↓

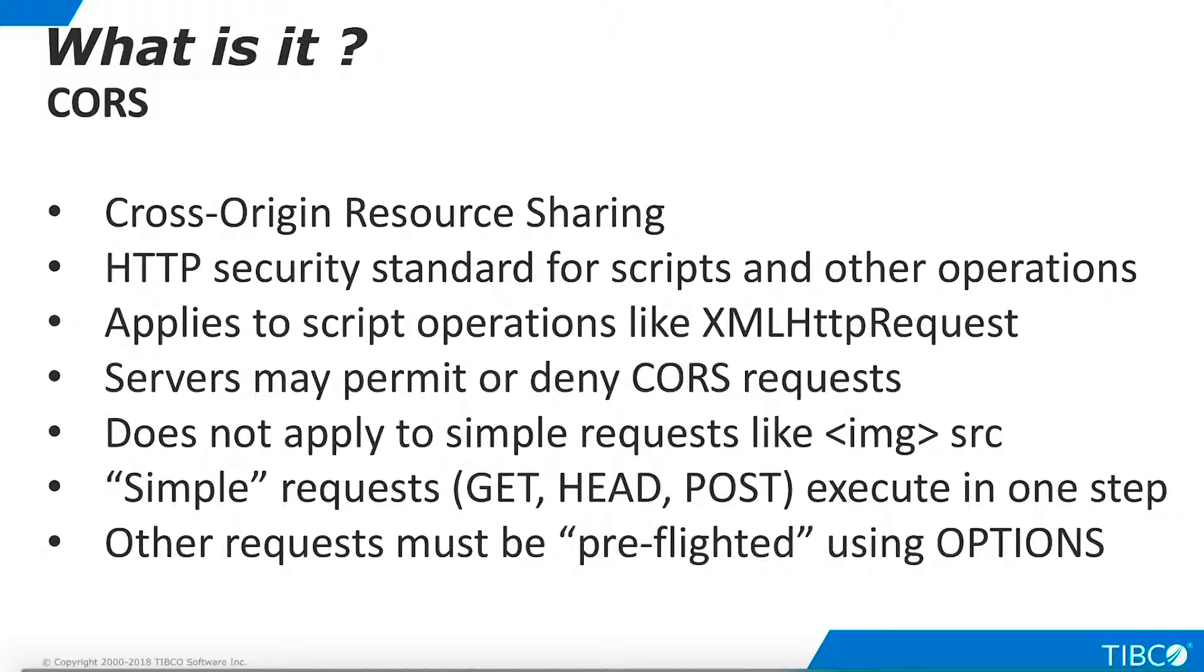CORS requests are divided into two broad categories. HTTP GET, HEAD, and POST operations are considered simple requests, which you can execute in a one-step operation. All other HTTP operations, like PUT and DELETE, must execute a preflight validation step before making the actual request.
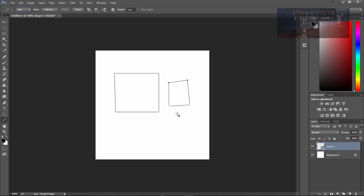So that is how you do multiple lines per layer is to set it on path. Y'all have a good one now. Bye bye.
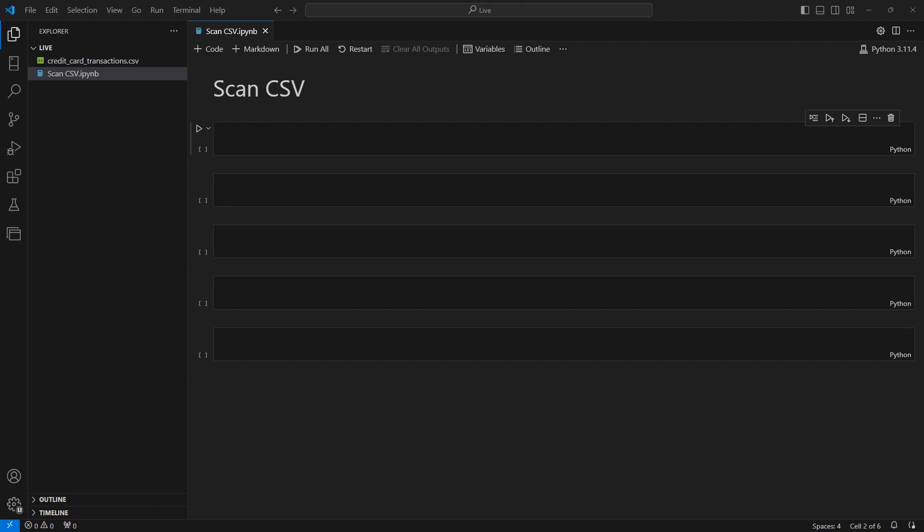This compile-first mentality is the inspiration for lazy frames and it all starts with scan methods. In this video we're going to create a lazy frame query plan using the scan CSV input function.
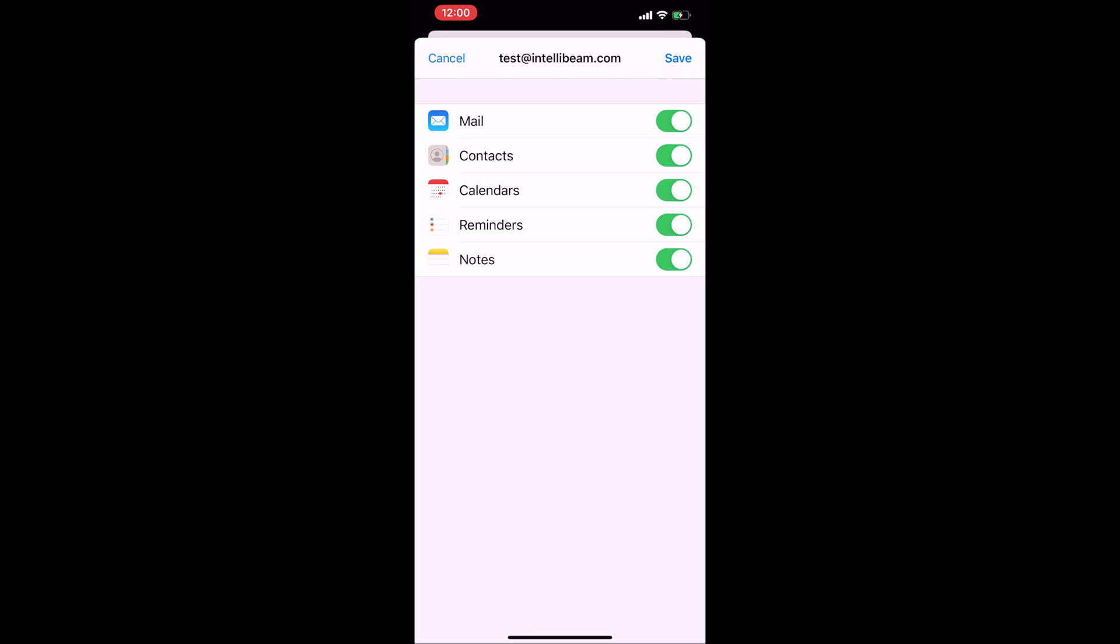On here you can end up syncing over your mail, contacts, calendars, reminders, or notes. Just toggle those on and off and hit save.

↑

**Aim of the exercise:** Line by line, reproduce exactly the lines from the one containing "This compile-first mentality" through the final line of the material, both included, leaving every picture out.

**Answer space:**
This compile-first mentality is the inspiration for lazy frames and it all starts with scan methods. In this video we're going to create a lazy frame query plan using the scan CSV input function.
On here you can end up syncing over your mail, contacts, calendars, reminders, or notes. Just toggle those on and off and hit save.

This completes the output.